╔══

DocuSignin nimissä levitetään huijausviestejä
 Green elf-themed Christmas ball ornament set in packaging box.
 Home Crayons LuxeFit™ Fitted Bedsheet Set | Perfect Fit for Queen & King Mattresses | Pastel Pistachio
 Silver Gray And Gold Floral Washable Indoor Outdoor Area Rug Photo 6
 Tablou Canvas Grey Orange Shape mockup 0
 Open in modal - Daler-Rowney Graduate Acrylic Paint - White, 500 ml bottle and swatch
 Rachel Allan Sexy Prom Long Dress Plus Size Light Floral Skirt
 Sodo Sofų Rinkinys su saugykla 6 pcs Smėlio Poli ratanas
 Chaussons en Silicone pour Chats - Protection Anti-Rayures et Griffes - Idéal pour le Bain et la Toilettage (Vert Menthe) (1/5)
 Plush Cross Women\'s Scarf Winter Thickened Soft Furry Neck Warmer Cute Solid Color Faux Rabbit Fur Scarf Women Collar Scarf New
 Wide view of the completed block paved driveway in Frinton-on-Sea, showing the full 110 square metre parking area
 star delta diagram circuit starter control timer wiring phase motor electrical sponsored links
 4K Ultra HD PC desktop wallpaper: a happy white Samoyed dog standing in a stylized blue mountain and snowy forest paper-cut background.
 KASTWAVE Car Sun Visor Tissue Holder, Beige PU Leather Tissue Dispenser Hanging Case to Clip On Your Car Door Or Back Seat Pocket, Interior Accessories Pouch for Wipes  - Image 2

╚══

What this task involves: Reproduce the data in full, exactly as presented.

Answer:
DocuSignin nimissä levitetään huijausviestejä
 Green elf-themed Christmas ball ornament set in packaging box.
 Home Crayons LuxeFit™ Fitted Bedsheet Set | Perfect Fit for Queen & King Mattresses | Pastel Pistachio
 Silver Gray And Gold Floral Washable Indoor Outdoor Area Rug Photo 6
 Tablou Canvas Grey Orange Shape mockup 0
 Open in modal - Daler-Rowney Graduate Acrylic Paint - White, 500 ml bottle and swatch
 Rachel Allan Sexy Prom Long Dress Plus Size Light Floral Skirt
 Sodo Sofų Rinkinys su saugykla 6 pcs Smėlio Poli ratanas
 Chaussons en Silicone pour Chats - Protection Anti-Rayures et Griffes - Idéal pour le Bain et la Toilettage (Vert Menthe) (1/5)
 Plush Cross Women\'s Scarf Winter Thickened Soft Furry Neck Warmer Cute Solid Color Faux Rabbit Fur Scarf Women Collar Scarf New
 Wide view of the completed block paved driveway in Frinton-on-Sea, showing the full 110 square metre parking area
 star delta diagram circuit starter control timer wiring phase motor electrical sponsored links
 4K Ultra HD PC desktop wallpaper: a happy white Samoyed dog standing in a stylized blue mountain and snowy forest paper-cut background.
 KASTWAVE Car Sun Visor Tissue Holder, Beige PU Leather Tissue Dispenser Hanging Case to Clip On Your Car Door Or Back Seat Pocket, Interior Accessories Pouch for Wipes  - Image 2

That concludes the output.